In response, the Legislature directed the California Law Revision Commission (“CLRC”) to study the relationship between mediation confidentiality and attorney malpractice and to make a recommendation. After a 5 year study the CLRC recommended a statutory change to permit disclosure of otherwise confidential communications in a disciplinary proceeding of the State Bar or a cause of action for damages based upon a claim of malpractice, if the evidence was relevant to prove or disprove an allegation. But that recommendation was strongly opposed by attorneys, mediators and judges. So instead, State Senator Bob Wieckowski (D. Fremont) came up with Senate Bill 954, which above all else requires mediating clients to be informed in advance of the mediation confidentiality requirements. Specifically, newly added Evidence Code section 1229 provides that, except for class actions,
[A]n attorney representing a client participating in a mediation or a mediation consultation shall, as soon as reasonably possible before the client agrees to participate in the mediation or mediation consultation, provide that client with a printed disclosure containing the confidentiality restrictions described in Section 1119 and obtain a printed acknowledgment signed by that client stating that he or she has read and understands the confidentiality restrictions.
And
An attorney who is retained after an individual agrees to participate in the mediation or mediation consultation shall, as soon as reasonably possible after being retained, comply with the printed disclosure and acknowledgment requirements described in [the preceding section].

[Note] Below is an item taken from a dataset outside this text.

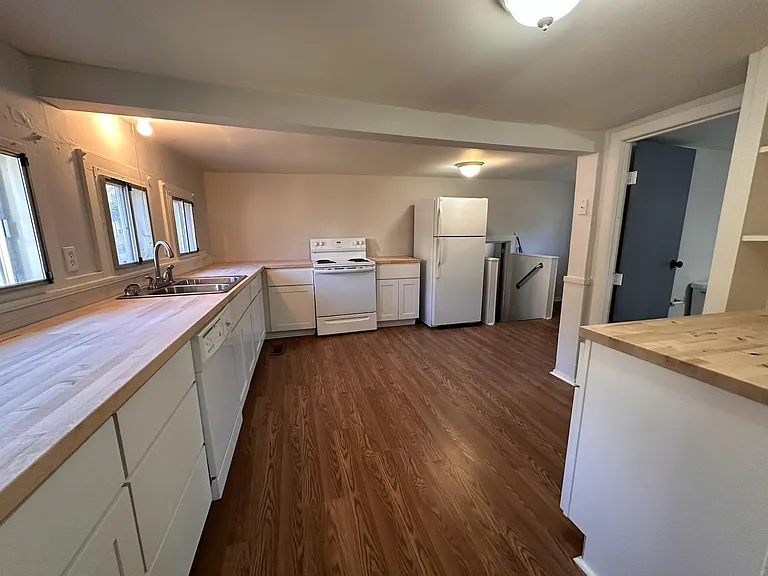 2765 Sunset Ave — Photo 9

And curiously, the bill describes the specific format for the notification and text of the notification that will deemed compliant: minimum 12-point font, printed on a single page not attached to any other document provided to the client, including the names of the attorney and client and dated signatures by both, and all of the text in this form, now being used by Bruce Nye Mediation.
Finally, while not addressing attorney malpractice, the bill adds one minimal attorney misconduct element to the confidentiality exceptions, amending Evidence Code section 1122 to permit admissibility and disclosure of a communication or writing prepared for the purpose of, in the course of, or pursuant to a mediation or mediation consultation if
The communication, document, or writing is related to an attorney’s compliance with the requirements described in Section 1129 and does not disclose anything said or done or any admission made in the course of the mediation, in which case the communication, document, or writing may be used in an attorney disciplinary proceeding to determine whether the attorney has complied with Section 1129.
So what is the significance? From the point of view of a mediator, (Bruce Nye, aka CalBizLit), it is a good thing to see the legislature continue to understand the importance and valued of mediation confidentiality. And it is also good to see the legislature make clear that it is the attorneys’ obligation to ensure that mediating clients know about the confidentiality.